Just this past week I had to rides that ended me in areas where I knew I wouldn't get a ping, both times 25 min drive back on dead miles. Oh well, so be it. 

It's not easy keeping a high rating.
Someone with a 4.9 should get pinged before someone with a 4.7.


----------



## ROTA (Jun 23, 2017)

RealCheetahz said:


> I accept all request that come my way period. Even one's that are 14 min away. Why do I, we'll because my business is driving and that is what I am in the car to do and want to do.
> 
> Yes we are IC's, but don't think they can't make their software cherry pick drivers with higher acceptance rates. Yes like anyone would when hiring a contractor to do work for them. High reviews and customer satisfaction go a long way AS IT SHOULD.
> 
> ...


Thats a big mistake. I already asked lyft about the benefits of been 5.0 stars and the guy said nothing stead of decisions when you got acused of something.

i was 5.0 last 2 weeks, with 97% acpt rating. This week in 88%, 4.9 and nothing changed, act i remember that have been for about 1 hour friday night when was 5.0 and didnt got any ping.
I havw been proved many times that they dont reward you for nothing.


----------



## RealCheetahz (Jun 6, 2017)

I'm not saying they so reward you now, what I am saying is they may in the future, although they would not admit that , and frankly I wouldn't have a problem with it if they didn't.


----------



## Matty760 (Nov 9, 2015)

Most people forget... A lot of drivers wouldn't be cherry picking so much if they rates weren't so low. If the rates were back were they used to be or double the current rates then a lot of drivers wouldn't be so picky and drivers like me wouldn't mind driving a little more for a pickup. Contractors are supposed to make money, so gotta do what you gotta do. I have a 4.96 rating and a 10% acceptance rating. I still get emails and etc for bonus or etc in LA.


----------



## LAbDog65 (Nov 29, 2016)

It is almost impossible for me to get a 90% acceptance when Lyft keeps sending me requests for 30 minutes away.


----------



## Docaces (Aug 12, 2015)

so i logged in today after some time off. I have done 3 rides and my acceptance rate is 100%. Haven't seen destination on accept screen once, or even after I accept and click on lower left icon of rider.


----------



## ROTA (Jun 23, 2017)

yes, in Boston its not working yet guess only few places


----------



## REDSEA (Jun 8, 2017)

For some reason everything starts in Minnesota, or feels like it does.


----------



## mjyousse (Dec 7, 2016)

REDSEA said:


> For some reason everything starts in Minnesota, or feels like it does.

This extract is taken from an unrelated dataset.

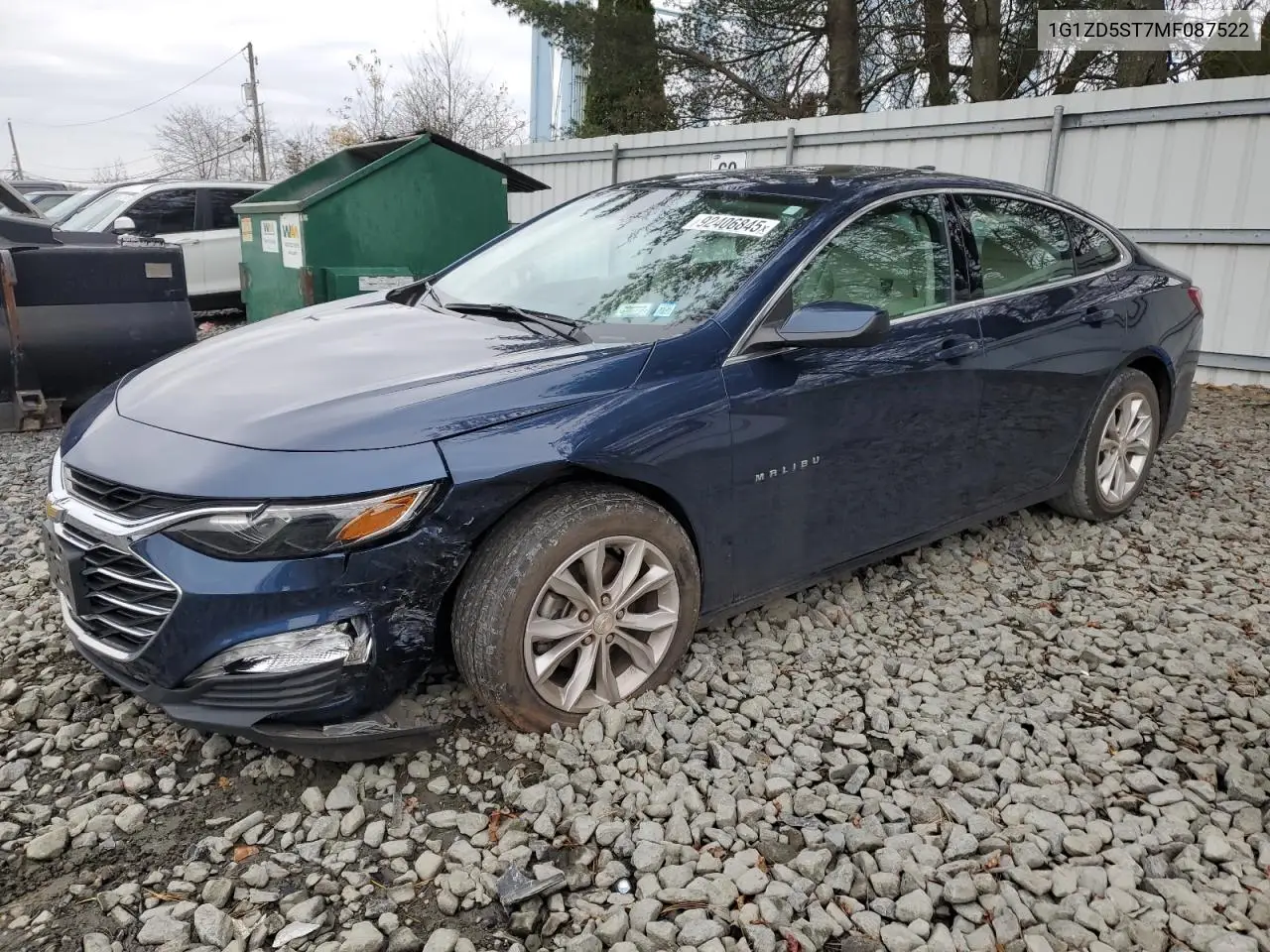 1G1ZD5ST7MF087522 2021 Chevrolet Malibu Lt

Did u happen to check if its working for you?


----------



## TNCMinWage (May 18, 2017)

Matty760 said:


> For those that think the cherry pickers are bad I somewhat agree with you.... HOWEVER, we ARE NOT employees of Lyft correct? Im a contractor, when Im offered a job, AKA a ride request, I have the option to take it or not. If I were a employee then I would have to take anything I got since Im paid by lyft. Those that say a low acceptance rating means you are a bad driver are dumb. Comparing a plumber only doing 80% of the job is the same as comparing a driver only taking a pax 80% to their destination. It has nothing to do with the requests at all. We get to pick what rides we want to do. How many times to people call around to service people to find someone that wants to do what work they require at a price? We as drivers take and do jobs as we want to do. So unless we are employees of Lyft which last I checked we weren't, then I will continue to accept what I want to make me money. However those that accept the rides and then cancel, I do have a issue with them, if you don't wanna do the ride then just don't accept it at all. If its more that 10 mins away then don't take it unless there is PT attached to it.

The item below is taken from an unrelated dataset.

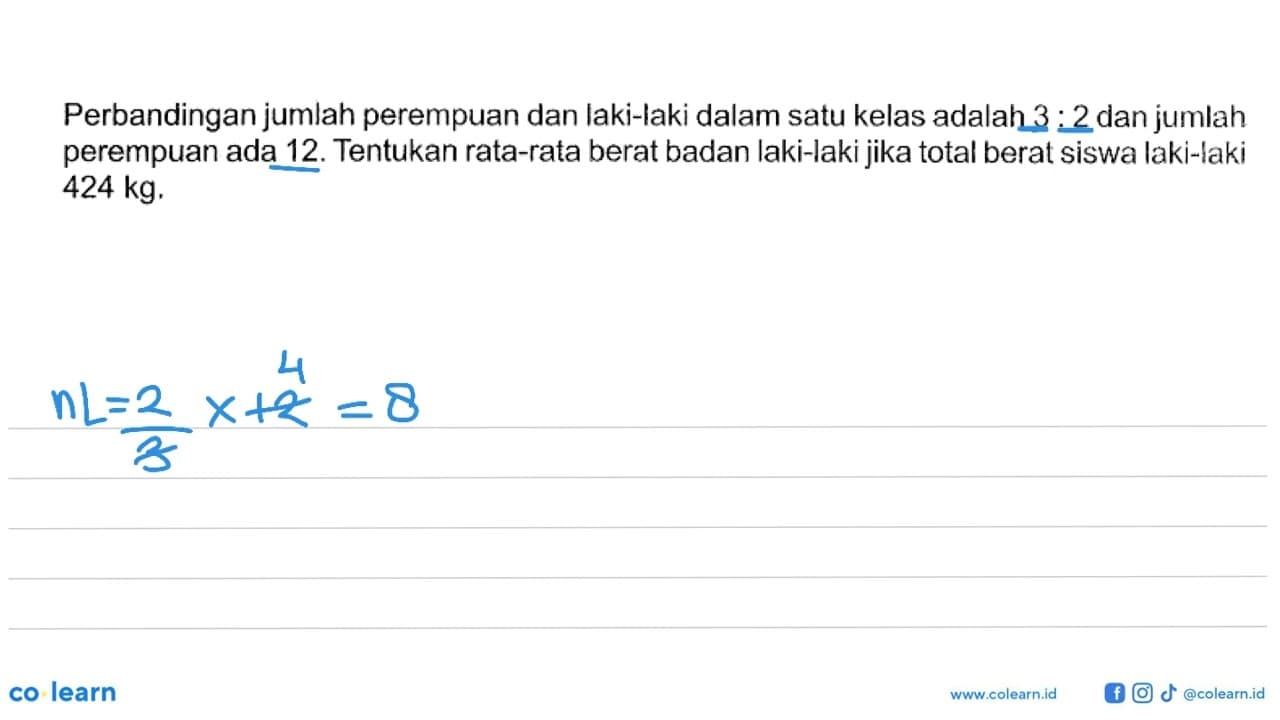 Perbandingan jumlah perempuan dan laki-laki dalam satu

Why are cherry pickers bad?


----------



## john1975 (Jul 29, 2016)

ROTA said:


> hahahhahahhahahaha
> they want force ppl to pick those cheap nasty line riders
> 
> i got 5 lyft line today. 2 of then gave me 1 star, for absolutly no reason just for been miserables.
> ...


Why do you care that much about your rating? Seems like a waste of time to me.


----------



## REDSEA (Jun 8, 2017)

I had 7 lyft rides last night and didn't see anything different. I'll let you know tomorrow morning if anything has changed.


----------



## OCBob (Jan 20, 2015)

RealCheetahz said:


> I accept all request that come my way period. Even one's that are 14 min away. Why do I, we'll because my business is driving and that is what I am in the car to do and want to do.
> 
> Yes we are IC's, but don't think they can't make their software cherry pick drivers with higher acceptance rates. Yes like anyone would when hiring a contractor to do work for them. High reviews and customer satisfaction go a long way AS IT SHOULD.
> 
> ...


I am at 4.9 forever and no way you can make an excuse that a 14 minute pick up is worth it unless knowing where they are going. IMO, you are nuts and drank too much of this Koolaid.


----------



## tomatopaste (Apr 11, 2017)

RealCheetahz said:


> I accept all request that come my way period. Even one's that are 14 min away. Why do I, we'll because my business is driving and that is what I am in the car to do and want to do.
> 
> Yes we are IC's, but don't think they can't make their software cherry pick drivers with higher acceptance rates. Yes like anyone would when hiring a contractor to do work for them. High reviews and customer satisfaction go a long way AS IT SHOULD.
> 
> ...


No contractor would take a job if he didn't know how much it paid. This is where Uber and Lyft are vulnerable and will eventually lose in court. The fact that they have to hide the particulars of each ride proves the buyer (the pax) and the seller (the driver) have not come to a mutually agreed upon price. It's only through deception that Uber is able to sell half of the rides they're selling.


----------



## DeplorableDonald (Feb 16, 2017)

I cherry pick because when I turn my car on I want to make as much money as possible in the time I am out.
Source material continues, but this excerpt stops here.